Both women said they were able to reconcile being good Muslims with their activities, even though radical imams at home have condemned them. Muqimyar, for example, competes in long pants, in contrast to the short, tight briefs worn by many sprinters.
They are also adjusting. In a meeting with journalists this week, both women wore short sleeves, and Razayee's cropped, red-tinted hair and Muqimyar's long, dark curls were uncovered, although their requisite ID badges showed them photographed in head scarves.
Egypt, an Islamic but secular country, boasts 15 women in its 96-member delegation. For the first time, an Egyptian woman has qualified for Olympic rowing. Doaa Moussa Alazab practiced on the Nile -- and she rows wearing long pants, long sleeves and a "hijab," as the head scarf is known. "I think I can be a model for religious girls in sports, 'inshallah'" she said, ending with the refrain heard frequently in the Muslim world -- "God willing."
The International Olympic Committee does not track the religions of athletes, so it is impossible to give the exact number Muslim women in this year's Games. Journalists have put the number at about 50, more than in any previous Olympiad.
In much of the Islamic world, fundamentalism is on the rise, with the potential to thwart the success of women in athletics. The Quran, the sacred book of Islam, counsels physical fitness for men and women alike; the prophet Muhammad is said to have challenged his wife, Aisha, to a foot race, and lost. (He reportedly won the rematch.)
But in conservative circles, the mixing of the sexes, the skimpy clothing, and the physical contact and exhibitionism of championship sports are frowned upon, if not outright prohibited.

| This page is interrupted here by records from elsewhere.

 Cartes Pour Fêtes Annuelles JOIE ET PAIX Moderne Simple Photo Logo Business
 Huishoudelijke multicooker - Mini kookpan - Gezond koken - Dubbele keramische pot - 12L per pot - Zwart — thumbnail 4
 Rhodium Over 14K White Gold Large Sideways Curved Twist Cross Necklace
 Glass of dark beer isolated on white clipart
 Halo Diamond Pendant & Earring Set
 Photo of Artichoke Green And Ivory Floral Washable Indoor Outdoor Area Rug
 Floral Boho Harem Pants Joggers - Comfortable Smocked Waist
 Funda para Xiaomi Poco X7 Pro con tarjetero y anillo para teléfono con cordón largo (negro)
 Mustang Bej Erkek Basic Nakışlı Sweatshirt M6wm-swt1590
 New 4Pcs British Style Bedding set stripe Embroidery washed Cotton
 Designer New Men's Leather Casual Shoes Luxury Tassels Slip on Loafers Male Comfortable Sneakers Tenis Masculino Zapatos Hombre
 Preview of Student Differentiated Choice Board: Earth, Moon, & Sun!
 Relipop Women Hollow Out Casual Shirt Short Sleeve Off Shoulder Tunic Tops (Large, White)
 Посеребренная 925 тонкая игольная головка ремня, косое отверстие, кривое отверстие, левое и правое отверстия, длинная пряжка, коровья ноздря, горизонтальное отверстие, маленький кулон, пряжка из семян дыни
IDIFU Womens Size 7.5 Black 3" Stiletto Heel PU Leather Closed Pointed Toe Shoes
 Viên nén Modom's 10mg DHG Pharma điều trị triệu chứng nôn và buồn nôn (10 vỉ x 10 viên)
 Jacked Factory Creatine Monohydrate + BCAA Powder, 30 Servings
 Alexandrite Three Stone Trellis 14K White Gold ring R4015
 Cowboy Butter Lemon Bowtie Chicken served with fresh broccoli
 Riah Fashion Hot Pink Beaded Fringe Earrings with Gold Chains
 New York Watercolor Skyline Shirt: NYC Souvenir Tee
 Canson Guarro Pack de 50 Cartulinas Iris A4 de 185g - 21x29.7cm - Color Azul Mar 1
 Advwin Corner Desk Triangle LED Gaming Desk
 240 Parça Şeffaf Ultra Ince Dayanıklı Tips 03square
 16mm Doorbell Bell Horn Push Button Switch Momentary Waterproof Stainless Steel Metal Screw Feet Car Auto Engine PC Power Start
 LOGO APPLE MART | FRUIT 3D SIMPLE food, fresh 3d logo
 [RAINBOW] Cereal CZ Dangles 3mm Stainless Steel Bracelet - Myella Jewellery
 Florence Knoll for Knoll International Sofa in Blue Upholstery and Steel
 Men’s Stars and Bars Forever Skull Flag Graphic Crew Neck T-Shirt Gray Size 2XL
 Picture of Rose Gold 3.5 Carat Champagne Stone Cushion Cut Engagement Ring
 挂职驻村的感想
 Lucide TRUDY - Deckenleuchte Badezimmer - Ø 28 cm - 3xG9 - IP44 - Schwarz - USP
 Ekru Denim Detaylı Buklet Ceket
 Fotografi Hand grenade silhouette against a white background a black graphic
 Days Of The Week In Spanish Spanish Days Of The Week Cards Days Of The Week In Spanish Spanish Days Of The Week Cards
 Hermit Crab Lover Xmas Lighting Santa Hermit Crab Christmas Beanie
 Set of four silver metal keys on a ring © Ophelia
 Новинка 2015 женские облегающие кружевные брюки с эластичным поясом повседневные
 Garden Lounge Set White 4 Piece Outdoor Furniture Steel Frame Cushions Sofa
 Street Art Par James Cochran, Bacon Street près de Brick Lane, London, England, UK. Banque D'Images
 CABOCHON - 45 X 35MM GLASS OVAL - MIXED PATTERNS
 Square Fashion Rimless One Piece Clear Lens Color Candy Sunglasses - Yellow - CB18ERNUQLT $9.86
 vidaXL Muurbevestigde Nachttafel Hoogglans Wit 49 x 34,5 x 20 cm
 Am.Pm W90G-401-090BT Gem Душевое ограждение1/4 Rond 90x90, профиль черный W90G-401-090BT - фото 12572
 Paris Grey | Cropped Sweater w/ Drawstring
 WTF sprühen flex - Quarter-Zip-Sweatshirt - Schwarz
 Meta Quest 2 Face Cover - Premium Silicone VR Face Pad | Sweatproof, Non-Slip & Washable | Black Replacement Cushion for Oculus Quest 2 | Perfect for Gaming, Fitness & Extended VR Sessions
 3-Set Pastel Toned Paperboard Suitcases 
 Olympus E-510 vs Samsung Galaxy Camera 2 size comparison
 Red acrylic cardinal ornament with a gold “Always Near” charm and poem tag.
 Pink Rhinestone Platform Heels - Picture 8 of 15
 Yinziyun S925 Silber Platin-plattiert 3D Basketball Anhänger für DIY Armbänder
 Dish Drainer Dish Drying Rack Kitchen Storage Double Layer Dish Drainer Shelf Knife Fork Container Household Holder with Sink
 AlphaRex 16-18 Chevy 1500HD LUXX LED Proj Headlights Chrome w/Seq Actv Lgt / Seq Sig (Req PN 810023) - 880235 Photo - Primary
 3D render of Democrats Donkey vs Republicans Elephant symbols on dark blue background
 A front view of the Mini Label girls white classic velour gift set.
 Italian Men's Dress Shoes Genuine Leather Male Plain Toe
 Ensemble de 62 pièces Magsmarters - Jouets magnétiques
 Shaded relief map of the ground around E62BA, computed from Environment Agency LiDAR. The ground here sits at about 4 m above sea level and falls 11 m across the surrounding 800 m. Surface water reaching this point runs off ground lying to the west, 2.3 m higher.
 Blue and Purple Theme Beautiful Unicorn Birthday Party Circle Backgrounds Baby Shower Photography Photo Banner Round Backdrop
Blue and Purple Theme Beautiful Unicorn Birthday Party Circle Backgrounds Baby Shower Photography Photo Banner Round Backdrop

In Afghanistan under the Taliban, Muqimyar said, she didn't know what sports were, much less the Olympics.
Afghanistan was suspended from the Olympic movement in 1999 because of the Taliban's policy of forbidding women to work and go to school. These Games mark the nation's return.
The Taliban is officially gone, but fundamentalists still menace much of the country. Muqimyar and Razayee said they must train inside a gym with hard concrete floors, or inside the stadium that served as the Taliban execution chamber.
"I want all Afghan women to know they can come out now," Muqimyar said. "I'm one that is opening their way to the world of sports and to the world."
Times staff writer Laura King, recently on assignment in Baghdad, and special correspondent Maher Abukhater in Ramallah, West Bank, contributed to this report.